3 Makna Kemenangan PSG atas Atalanta pada 8-Besar Liga Champions

Football5Star.com, Indonesia – Paris Saint-Germain (PSG) akhirnya memastikan satu tempat pada semifinal Liga Champions. Kepastian itu didapatkan setelah mereka menang dramatis 2-1 atas Atalanta pada laga perempat final di Stadion Da Luz, Kamis (13/8/2020) dini hari WIB.

PSG sempat tertinggal terlebih dahulu saat Mario Pasalic menjebol gawang Keylor Navas pada menit ke-72. Namun, mereka mampu membalikkan keadaan pada pengujung pertandingan. Marquinhos menyamakan skor pada menit ke-90. Lalu, Eric Maxim Choupo-Moting memastikan kemenangan berkat golnya saat injury time memasuki menit ke-3.

Kemenangan itu sangat berarti bagi PSG. Ada banyak makna di balik kemenangan atas Atalanta tersebut. Berikut ini, Football5Star.com menyajikan tiga makna utama.

Semifinal Kedua pada Pentas Liga Champions

PSG berhadapan dengan AC Milan pada semifinal Liga Champions 1994-95.
Getty Images

Kemenangan 2-1 atas Atalanta dalam laga dramatis di Stadion Da Luz mengantar PSG lolos ke semifinal Liga Champions. Ini merupakan kali kedua Les Parisiens menembus babak 4-besar. Sebelumnya, hal serupa dilakukan pada musim 1994-95. Namun, kala itu, mereka disisihkan AC Milan dengan agregat 0-3.

Ada hal menarik dari kelolosan PSG ke semifinal Liga Champions. PSG selalu lolos ke babak 4-besar pada kelipatan 25 tahun. Kelolosan pertama pada 1994-95 terjadi saat klub itu berulang tahun ke-25. Adapun kelolosan kedua pada musim ini merupakan kado ultuk ultah ke-50.

Sudahi Kutukan Wakil Italia

Sebelum atas Atalanta, PSG mengalahkan wakil Italia untuk kali terakhir saat menang atas Parma pada 1996.
psg.fr

Kesuksesan menggebuk Atalanta adalah prestasi tersendiri bagi PSG. Ini menyudahi kutukan wakil Italia bagi mereka. Sebelum ini, Les Parisiens selalu gagal menang dalam 8 pertemuan terakhir dengan klub Italia pada ajang antarklub Eropa. Mereka dua kali kalah dari Juventus, lalu masing-masing dua kali imbang dengan AC Milan, Brescia, dan Napoli.

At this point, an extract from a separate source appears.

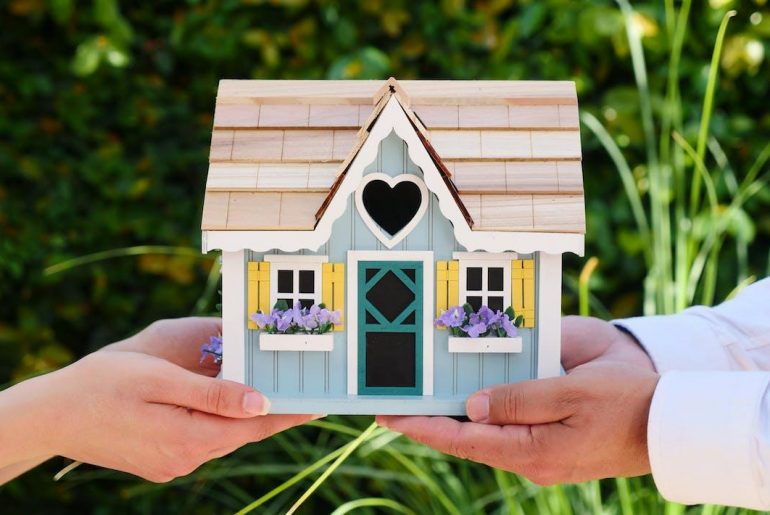 Free People Holding Miniature Wooden House Stock Photo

Kemenangan terakhir atas wakil Italia diraih PSG pada 21 Maret 1996. Melakoni laga leg II babak perempat final Piala Winners, mereka menang 3-1 atas Parma. Tiga gol Les Parisiens berasal dari brace penalti Rai Oliveira dan satu gol Patrice Loko. Sementara itu, gol balasan I Gialloblu dijaringkan Alessandro Melli.

Lanjutkan Tren Selalu Cetak Gol

Kali terakhir PSG tak mencetak gol pada laga Liga Champions adalah saat kalah 0-1 dari Manchester City.
nytimes.com

Dua gol yang dicetak pada pengujung laga melawan Atalanta pada perempat final Liga Champions memang berbau keberuntungan. Namun, itu sesungguhnya itu tidaklah mengherankan, apalagi mengejutkan. Mencetak gol pada laga Liga Champions adalah sebuah tradisi yang dimiliki PSG.

Partai perempat final melawan Atalanta adalah laga ke-33 secara beruntun yang mampu dihiasi gol oleh PSG. Kali terakhir mereka tak mencetak gol pada 12 April 2016. Saat itu, Les Parisiens kalah 0-1 pada perempat final. Mereka kini tinggal terpaut satu laga lagi dari rekor Real Madrid yang selalu menjebol gawang lawan dalam 34 laga beruntun Liga Champions dari Mei 2011 hingga April 2014.